* _Task objective_
Give again only those lines from the start of the entries through the line holding "Европейская скатерть с", leaving them as they are.

* _Available data_
-.-.-

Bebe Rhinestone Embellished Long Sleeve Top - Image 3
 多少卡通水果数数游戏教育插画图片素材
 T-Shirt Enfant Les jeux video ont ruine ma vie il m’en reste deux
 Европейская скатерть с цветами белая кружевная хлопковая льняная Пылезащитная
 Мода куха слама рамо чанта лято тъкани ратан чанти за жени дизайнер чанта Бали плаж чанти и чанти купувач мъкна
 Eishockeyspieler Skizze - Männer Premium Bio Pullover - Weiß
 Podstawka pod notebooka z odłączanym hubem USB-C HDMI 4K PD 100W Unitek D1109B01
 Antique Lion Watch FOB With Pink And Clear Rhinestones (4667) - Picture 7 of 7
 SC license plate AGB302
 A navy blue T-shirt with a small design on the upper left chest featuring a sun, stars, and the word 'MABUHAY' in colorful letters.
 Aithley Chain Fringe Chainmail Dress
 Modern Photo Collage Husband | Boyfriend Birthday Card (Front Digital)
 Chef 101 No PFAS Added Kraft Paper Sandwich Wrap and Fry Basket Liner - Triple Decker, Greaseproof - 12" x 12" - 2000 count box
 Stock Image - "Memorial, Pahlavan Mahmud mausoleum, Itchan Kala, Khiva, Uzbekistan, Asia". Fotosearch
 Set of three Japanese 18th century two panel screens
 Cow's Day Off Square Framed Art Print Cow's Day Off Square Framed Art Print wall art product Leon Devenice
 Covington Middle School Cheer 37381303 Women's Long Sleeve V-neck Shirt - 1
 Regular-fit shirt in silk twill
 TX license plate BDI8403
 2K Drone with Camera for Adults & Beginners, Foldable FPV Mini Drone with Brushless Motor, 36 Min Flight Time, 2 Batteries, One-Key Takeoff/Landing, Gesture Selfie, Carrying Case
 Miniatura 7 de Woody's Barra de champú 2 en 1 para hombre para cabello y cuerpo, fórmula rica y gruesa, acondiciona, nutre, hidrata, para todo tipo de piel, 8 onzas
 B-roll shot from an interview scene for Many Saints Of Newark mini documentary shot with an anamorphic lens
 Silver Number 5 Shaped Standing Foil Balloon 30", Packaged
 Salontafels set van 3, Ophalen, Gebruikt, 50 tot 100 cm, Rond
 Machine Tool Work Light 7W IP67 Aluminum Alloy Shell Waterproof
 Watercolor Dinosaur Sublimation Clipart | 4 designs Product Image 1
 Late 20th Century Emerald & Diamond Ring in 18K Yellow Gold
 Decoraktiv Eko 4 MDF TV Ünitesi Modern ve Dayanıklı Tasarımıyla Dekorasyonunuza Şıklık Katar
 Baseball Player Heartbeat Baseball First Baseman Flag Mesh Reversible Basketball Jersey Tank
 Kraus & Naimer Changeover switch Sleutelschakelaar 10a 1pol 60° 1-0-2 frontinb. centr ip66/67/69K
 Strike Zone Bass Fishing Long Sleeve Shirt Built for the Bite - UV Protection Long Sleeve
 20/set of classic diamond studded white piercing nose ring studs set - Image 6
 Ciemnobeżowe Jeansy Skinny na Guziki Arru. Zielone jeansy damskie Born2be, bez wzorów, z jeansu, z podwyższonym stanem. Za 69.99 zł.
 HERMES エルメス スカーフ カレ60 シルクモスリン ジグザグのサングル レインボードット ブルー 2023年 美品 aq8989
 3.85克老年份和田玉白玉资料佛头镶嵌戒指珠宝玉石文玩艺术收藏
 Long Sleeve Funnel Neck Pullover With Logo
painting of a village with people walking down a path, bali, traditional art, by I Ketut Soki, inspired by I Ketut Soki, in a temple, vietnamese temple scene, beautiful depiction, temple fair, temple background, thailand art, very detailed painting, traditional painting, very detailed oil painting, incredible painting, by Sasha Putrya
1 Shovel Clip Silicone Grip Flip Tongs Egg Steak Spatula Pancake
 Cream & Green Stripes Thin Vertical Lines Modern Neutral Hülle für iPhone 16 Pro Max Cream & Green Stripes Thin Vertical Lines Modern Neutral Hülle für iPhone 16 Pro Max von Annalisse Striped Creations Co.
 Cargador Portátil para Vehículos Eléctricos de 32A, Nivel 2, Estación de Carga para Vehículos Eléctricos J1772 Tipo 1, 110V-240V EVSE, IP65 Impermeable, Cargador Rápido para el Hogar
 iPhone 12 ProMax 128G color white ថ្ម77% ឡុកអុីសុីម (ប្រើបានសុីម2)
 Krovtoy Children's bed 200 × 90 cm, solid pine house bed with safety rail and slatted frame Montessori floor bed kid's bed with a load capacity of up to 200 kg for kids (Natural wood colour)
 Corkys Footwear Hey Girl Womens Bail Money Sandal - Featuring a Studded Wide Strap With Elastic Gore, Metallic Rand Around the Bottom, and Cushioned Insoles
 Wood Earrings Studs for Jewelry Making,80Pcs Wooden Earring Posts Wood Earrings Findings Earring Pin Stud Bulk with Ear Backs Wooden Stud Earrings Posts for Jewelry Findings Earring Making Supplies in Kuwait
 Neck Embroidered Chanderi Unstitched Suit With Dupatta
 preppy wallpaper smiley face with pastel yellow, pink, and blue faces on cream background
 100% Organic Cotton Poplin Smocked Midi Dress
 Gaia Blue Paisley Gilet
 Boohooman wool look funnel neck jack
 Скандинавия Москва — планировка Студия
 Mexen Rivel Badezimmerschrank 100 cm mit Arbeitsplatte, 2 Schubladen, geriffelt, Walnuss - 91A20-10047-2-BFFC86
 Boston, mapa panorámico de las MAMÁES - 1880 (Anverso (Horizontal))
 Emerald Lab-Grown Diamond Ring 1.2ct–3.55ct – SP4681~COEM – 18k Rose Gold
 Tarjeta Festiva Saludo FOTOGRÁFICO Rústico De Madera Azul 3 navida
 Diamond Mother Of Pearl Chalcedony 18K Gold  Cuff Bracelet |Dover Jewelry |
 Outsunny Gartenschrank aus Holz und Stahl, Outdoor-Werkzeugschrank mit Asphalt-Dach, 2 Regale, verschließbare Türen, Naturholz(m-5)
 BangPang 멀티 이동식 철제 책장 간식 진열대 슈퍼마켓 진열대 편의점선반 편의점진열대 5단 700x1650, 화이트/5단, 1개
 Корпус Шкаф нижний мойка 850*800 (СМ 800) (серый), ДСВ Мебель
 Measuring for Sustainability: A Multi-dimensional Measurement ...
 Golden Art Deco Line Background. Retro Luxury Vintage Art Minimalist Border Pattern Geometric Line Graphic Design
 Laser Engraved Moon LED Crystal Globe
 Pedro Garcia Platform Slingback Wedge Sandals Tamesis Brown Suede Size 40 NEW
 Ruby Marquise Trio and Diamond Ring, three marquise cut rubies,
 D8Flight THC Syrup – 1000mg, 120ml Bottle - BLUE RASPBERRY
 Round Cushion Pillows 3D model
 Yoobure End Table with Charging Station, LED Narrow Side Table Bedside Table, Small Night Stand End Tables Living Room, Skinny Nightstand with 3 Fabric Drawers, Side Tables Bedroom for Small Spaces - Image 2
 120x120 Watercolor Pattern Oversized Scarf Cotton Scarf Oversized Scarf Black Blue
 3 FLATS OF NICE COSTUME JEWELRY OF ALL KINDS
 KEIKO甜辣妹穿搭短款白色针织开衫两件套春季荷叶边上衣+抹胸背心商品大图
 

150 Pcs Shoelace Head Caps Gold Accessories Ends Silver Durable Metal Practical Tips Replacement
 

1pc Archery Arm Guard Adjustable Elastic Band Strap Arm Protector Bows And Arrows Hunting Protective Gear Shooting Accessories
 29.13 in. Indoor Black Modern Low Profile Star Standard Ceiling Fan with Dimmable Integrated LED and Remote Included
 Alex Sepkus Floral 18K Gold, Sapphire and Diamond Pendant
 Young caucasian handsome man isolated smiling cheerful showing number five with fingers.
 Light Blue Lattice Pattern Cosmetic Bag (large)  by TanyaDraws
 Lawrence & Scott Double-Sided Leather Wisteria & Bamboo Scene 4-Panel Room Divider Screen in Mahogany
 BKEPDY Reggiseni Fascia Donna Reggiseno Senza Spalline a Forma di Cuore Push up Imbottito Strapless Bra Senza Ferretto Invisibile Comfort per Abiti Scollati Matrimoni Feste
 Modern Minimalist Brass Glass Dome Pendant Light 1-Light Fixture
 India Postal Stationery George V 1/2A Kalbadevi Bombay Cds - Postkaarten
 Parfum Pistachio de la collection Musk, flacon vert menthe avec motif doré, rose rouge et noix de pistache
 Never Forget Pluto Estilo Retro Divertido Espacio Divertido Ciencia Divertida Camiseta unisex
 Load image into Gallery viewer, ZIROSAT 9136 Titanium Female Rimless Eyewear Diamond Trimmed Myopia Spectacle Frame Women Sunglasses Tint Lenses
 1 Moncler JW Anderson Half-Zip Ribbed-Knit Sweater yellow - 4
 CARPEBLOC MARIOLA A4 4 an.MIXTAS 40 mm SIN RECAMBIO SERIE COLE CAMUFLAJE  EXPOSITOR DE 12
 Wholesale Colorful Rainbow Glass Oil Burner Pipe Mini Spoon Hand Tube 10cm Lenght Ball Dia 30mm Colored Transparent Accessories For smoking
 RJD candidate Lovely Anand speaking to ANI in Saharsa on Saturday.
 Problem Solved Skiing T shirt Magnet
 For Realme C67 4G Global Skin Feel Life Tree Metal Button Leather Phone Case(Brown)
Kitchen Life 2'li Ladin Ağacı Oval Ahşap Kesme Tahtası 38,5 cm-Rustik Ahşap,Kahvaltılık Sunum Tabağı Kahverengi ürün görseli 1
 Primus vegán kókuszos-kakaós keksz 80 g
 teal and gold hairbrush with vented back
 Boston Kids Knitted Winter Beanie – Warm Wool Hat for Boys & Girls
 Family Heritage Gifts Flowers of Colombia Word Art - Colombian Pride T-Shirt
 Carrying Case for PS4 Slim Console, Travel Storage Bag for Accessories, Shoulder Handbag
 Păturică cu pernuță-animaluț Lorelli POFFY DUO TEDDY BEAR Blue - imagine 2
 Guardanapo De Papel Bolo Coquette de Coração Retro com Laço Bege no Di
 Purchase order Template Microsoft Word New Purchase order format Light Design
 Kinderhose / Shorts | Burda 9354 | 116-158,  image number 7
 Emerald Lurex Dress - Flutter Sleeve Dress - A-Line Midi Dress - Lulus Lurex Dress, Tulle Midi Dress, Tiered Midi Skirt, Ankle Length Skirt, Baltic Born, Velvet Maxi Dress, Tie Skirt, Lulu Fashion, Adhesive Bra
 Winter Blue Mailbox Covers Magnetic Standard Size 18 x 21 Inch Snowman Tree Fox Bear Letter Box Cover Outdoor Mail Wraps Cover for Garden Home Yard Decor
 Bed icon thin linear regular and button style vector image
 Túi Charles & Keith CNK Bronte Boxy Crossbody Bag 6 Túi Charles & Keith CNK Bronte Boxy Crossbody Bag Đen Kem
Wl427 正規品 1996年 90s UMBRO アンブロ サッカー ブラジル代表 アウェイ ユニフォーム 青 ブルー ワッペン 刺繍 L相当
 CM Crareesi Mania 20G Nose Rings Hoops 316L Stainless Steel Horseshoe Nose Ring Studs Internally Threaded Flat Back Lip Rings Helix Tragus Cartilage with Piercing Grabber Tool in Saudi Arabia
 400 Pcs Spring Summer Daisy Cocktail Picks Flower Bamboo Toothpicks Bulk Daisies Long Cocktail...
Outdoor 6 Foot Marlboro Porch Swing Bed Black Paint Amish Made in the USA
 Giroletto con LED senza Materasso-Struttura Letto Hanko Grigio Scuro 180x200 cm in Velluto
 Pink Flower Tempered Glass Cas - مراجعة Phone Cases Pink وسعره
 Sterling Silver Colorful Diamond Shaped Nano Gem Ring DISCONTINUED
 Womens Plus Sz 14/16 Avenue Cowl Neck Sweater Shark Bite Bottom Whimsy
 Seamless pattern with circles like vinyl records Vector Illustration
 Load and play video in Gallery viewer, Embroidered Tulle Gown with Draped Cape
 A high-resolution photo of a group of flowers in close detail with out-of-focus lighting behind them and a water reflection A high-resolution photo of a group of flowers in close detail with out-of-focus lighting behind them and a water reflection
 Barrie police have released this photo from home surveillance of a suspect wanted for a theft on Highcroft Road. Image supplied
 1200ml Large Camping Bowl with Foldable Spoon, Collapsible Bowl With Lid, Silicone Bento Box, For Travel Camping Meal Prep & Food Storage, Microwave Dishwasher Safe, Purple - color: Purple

-.-.-

* _Response to this task_
Bebe Rhinestone Embellished Long Sleeve Top - Image 3
 多少卡通水果数数游戏教育插画图片素材
 T-Shirt Enfant Les jeux video ont ruine ma vie il m’en reste deux
 Европейская скатерть с цветами белая кружевная хлопковая льняная Пылезащитная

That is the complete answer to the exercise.